Problem to work on:
Find the string "rutgers" in the data, and copy out each line that has it.

Short descriptive text snippets:
________________________________________

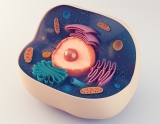 HIV patients with moderate immune suppression at greater risk of severe COVID-19 “breakthrough” infection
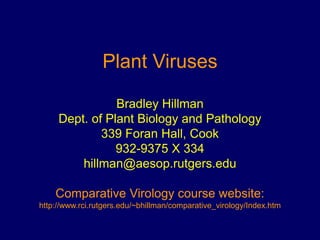Plant Viruses
Bradley Hillman
Dept. of Plant Biology and Pathology
339 Foran Hall, Cook
932-9375 X 334
hillman@aesop.rutgers.edu
Comparative Virology course website:
http://www.rci.rutgers.edu/~bhillman/comparative_virology/Index.htm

________________________________________

Reply to the exercise:
hillman@aesop.rutgers.edu
http://www.rci.rutgers.edu/~bhillman/comparative_virology/Index.htm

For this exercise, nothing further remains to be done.